BEAT SOURCE at the Silver Dollar Rating: NNNN
A full house turned out for the second monthly Beat Source showcase featuring Rich Kidd, Gigz, Fresh Kilz, Mantis, Big Pops, Buttafingaz, Fraction and ProLogic. But the highlight was Marco Polo and DJ Linx, who dropped bomb beat after bomb beat, mixing the old with the new, the known and the unknown.
Polo on his MPC and Linx on the turntables interestingly created a "Polo vs. Polo" beat battle that was entertaining if anti-climactic because the winner was obvious. As Big L's Put It On faded out, the crowd dispersed, satisfied by what will hopefully become a hip-hop tradition.
Fri, Dec 5
THE KING KHAN & BBQ SHOW at Lee's Palace Rating: NNN
Word was that King Khan and his longtime sidekick Mark "BBQ" Sultan had just finished their latest recording, so there was some anticipation that the soul-stompin' garage duo might unleash a thrillingly new sound. Although King Khan's showy stagewear looked promising (stretchy hot pants, silver veil, Cleopatra wig), and a few new frat pounders were thrown out during the course of their hour-long blast, the show was essentially Deja Voodoo all over again.

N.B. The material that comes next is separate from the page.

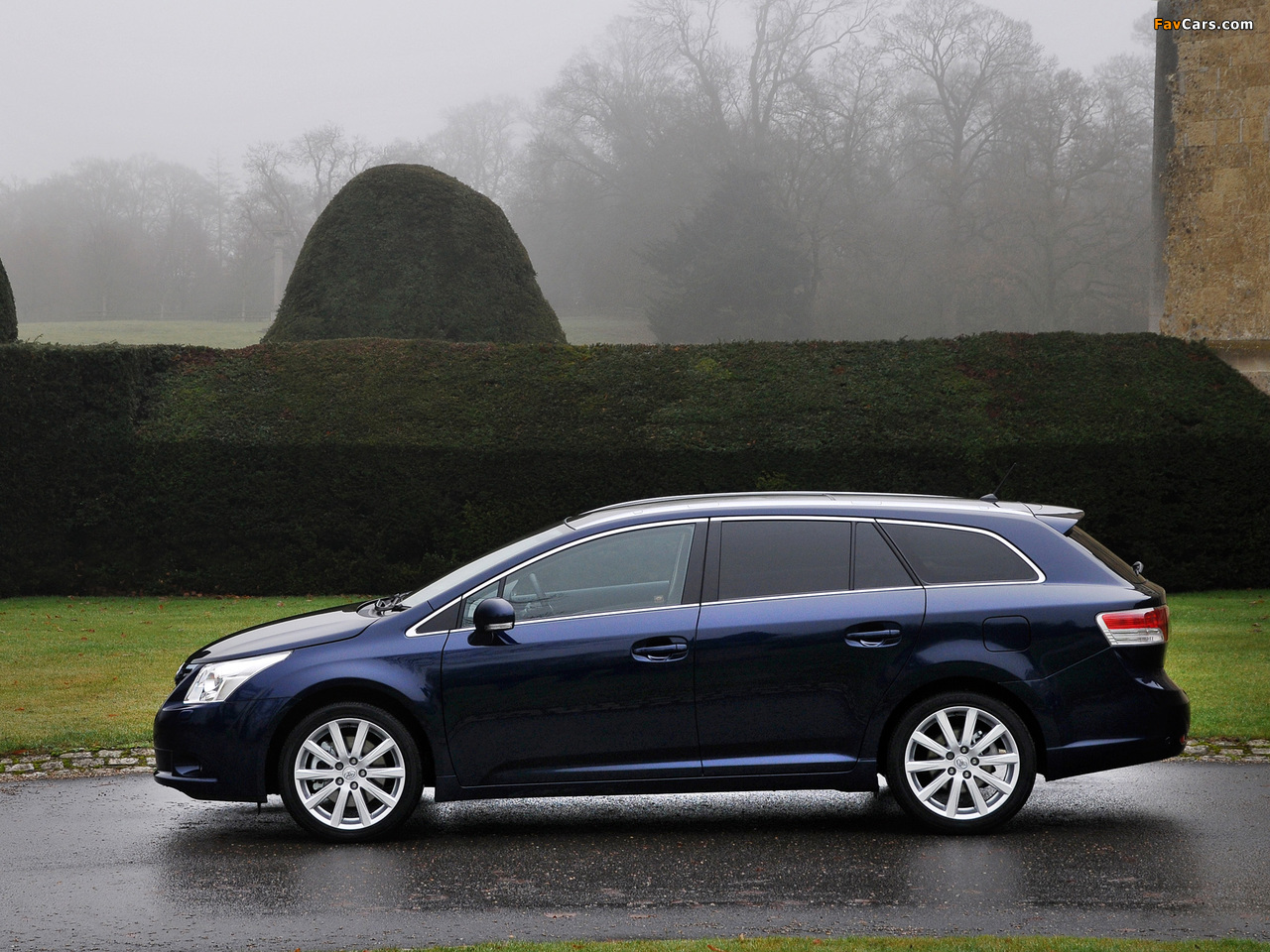 Images of Toyota Avensis Wagon UK-spec 2008–11 (1280 x 960)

The fact that they both remained static while slashing at their guitars did little to sell their rhythmically and dynamically limited tunes. After inviting up a couple of non-dancers from the audience to shake their vintage flapper fringes as Max Danger of Deadly Snakes infamy slapped a tambourine in the background for an encore, King Khan turned about-face, mooned the audience and walked off with BBQ, neither of them having broken a sweat.
Sat, Dec 6
QUEST FOR FIRE at Sonic Boom Rating: NNN
Local stoner rock band Quest for Fire's afternoon set got off to a rocky start when their first tune broke down halfway through. In a wise move, they treated it as a sound check and left the stage for 10 minutes before starting the real show. Loosened up properly by then, they roared through a sludgy set of dirty psych metal, entertaining a crowd that spanned a surprisingly large age range.
Former Deadly Snakes drummer Andrew "Gunn" Moszynski turns out to be a surprisingly creative lead guitarist, and the band brought some math rock intricacy to their fuzzed-out blues riffs. They could make their shows more accessible by trading the hair-in-the-face shoegazing for a crazed frontman prowling the stage, but it's debatable whether they'd actually want that.

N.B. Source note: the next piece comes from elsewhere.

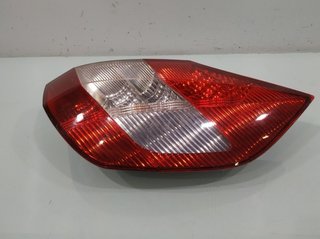 586504 15911600 piloto tras der renault scenic ii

BOX OF KITTENS at a secret location Rating: NNNN
The Box Of Kittens parties started out as semi-private loft jams but have grown into something much more substantial over the last year, as this event proved. Sure, they're still promoted by word of mouth and you need to RSVP to get in (helps keep out the riff-raff, y'know), but this two-room throwdown featuring Detroit/Berlin producer/DJ Seth Troxler playing his first-ever Toronto set was definitely on a larger scale, without any loss of the original parties' appeal.
Troxler has had a great year on the production front, and his profile was recently raised by his inclusion on Matthew Dear's newest Body Language DJ mix CD. What comes out more in the live setting is the odd space he occupies between icy minimal techno and warm soulful house. It went over like a charm with the late-night crowd.